- PROBLEM TO WORK ON
Copy each line below that includes "Shoulder".
::::::
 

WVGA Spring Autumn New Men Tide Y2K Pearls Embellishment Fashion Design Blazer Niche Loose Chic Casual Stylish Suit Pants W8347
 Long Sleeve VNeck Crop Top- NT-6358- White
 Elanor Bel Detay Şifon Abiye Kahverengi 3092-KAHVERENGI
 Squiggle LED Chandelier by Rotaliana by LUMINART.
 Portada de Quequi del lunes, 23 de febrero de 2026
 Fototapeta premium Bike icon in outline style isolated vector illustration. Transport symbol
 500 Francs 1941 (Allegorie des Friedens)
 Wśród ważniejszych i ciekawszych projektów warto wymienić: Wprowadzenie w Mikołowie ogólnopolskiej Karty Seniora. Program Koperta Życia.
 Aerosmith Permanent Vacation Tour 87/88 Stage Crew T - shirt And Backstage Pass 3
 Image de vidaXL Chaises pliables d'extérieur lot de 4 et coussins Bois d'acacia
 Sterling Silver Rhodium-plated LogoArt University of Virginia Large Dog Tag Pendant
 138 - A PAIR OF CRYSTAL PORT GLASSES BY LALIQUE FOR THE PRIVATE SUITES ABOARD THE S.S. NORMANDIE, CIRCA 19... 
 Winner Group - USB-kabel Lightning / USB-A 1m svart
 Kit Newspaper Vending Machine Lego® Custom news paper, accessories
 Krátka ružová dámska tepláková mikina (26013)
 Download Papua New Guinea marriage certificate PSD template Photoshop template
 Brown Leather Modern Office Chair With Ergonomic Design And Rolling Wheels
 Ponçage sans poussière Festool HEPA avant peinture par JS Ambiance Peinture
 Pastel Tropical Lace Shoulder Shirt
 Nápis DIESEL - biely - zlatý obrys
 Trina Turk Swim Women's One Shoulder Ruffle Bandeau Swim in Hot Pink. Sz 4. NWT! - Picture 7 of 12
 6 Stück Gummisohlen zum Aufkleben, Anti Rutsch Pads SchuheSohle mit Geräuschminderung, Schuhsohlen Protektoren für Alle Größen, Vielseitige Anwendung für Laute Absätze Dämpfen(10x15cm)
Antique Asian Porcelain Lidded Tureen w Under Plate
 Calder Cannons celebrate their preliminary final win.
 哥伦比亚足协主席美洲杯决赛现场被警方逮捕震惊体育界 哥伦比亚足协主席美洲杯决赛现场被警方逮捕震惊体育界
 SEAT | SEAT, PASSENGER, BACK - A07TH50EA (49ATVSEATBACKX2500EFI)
::::::
- WRITTEN RESPONSE
 Pastel Tropical Lace Shoulder Shirt
 Trina Turk Swim Women's One Shoulder Ruffle Bandeau Swim in Hot Pink. Sz 4. NWT! - Picture 7 of 12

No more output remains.